Bandstop filter design specification object

Description

The fdesign.bandstop function returns a bandstop filter design specification object that contains the specifications for a filter, such as passband frequency, stopband frequency, passband ripple, and filter order. Then, use the design function to design the filter from the filter design specifications object.

For more control options, see Filter Design Procedure. For a complete workflow, see Design a Filter in Fdesign — Process Overview.

example

bandstopSpecs = fdesign.bandstop constructs a bandstop filter design specifications object with the following default values:

  • First passband frequency set to 0.35.

  • First stopband frequency set to 0.45.

  • Second stopband frequency set to 0.55.

  • Second passband frequency set to 0.65.
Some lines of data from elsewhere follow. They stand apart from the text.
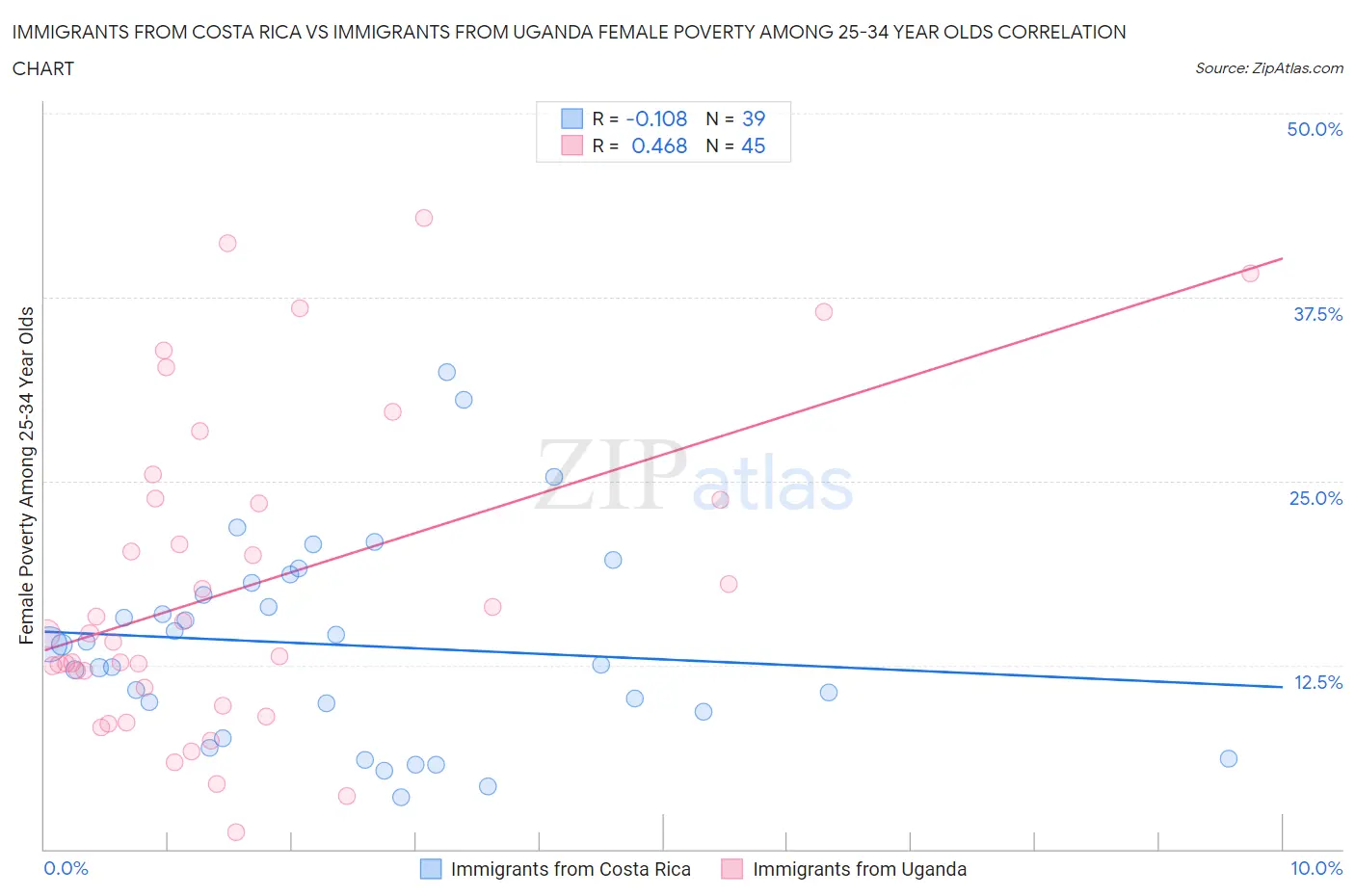 Immigrants from Costa Rica vs Immigrants from Uganda Female Poverty Among 25-34 Year Olds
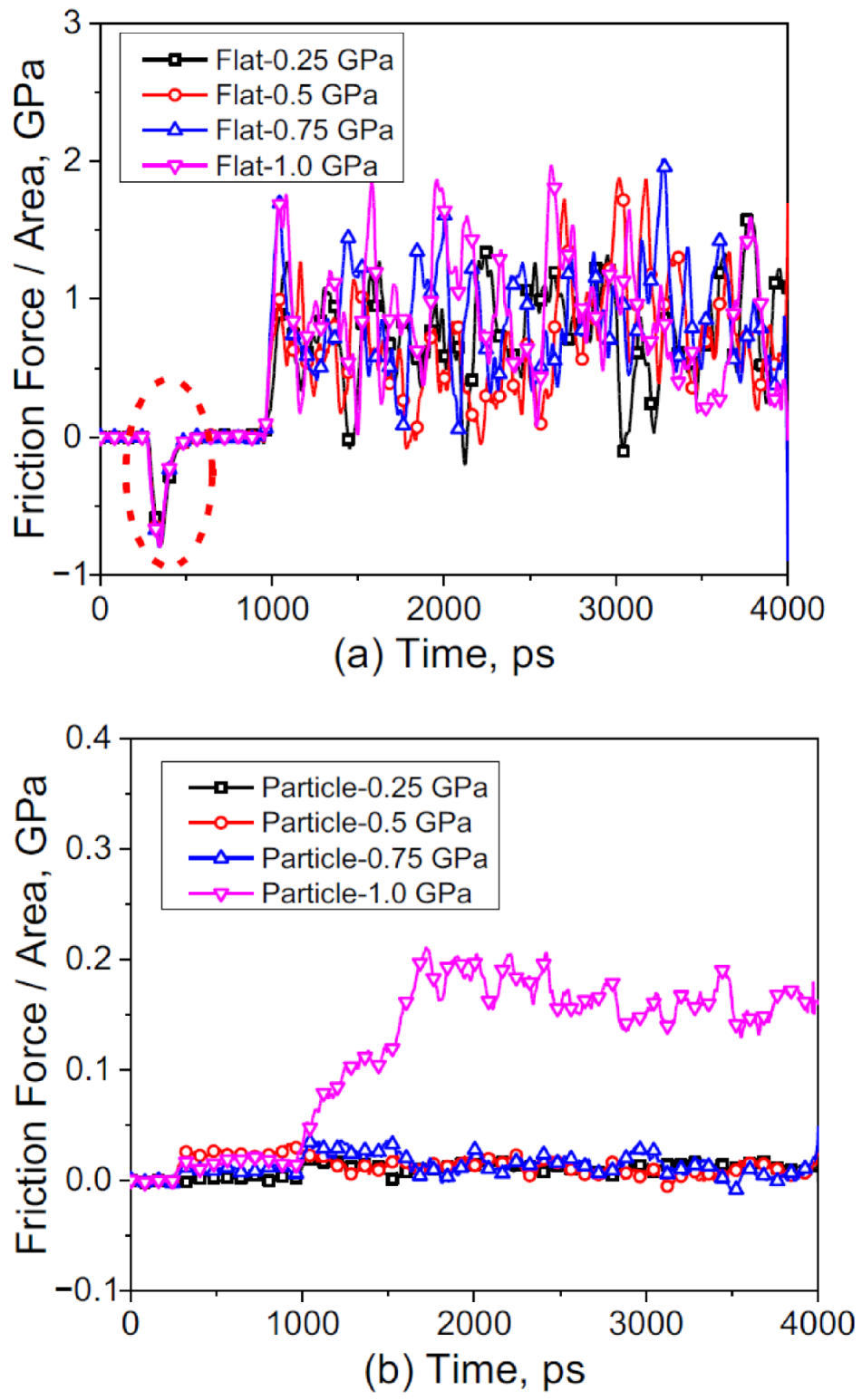 Metals 11 01464 g004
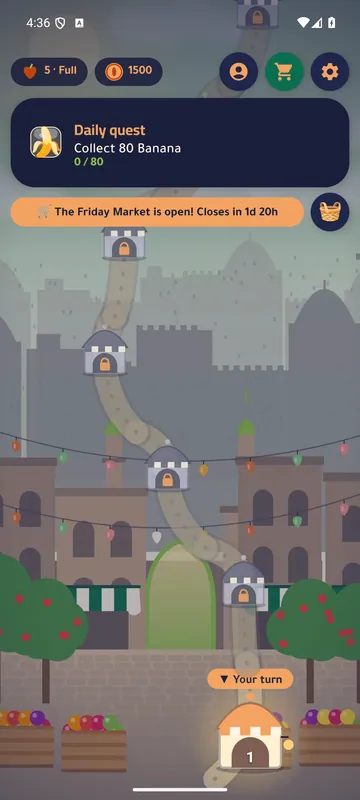 خريطة المستويات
  • First passband ripple 1 dB.

  • Stopband attenuation set to 60 dB.

  • Second passband ripple set to 1 dB.

example

bandstopSpecs = fdesign.bandstop(spec,value1,...,valueN) constructs a bandstop filter design specifications object with a particular filter order, passband frequencies, stopband frequencies, and other specification options. Indicate the options you want to specify in the expression spec. After the expression, specify a value for each option. If you do not specify values after the spec argument, the function assumes the default values.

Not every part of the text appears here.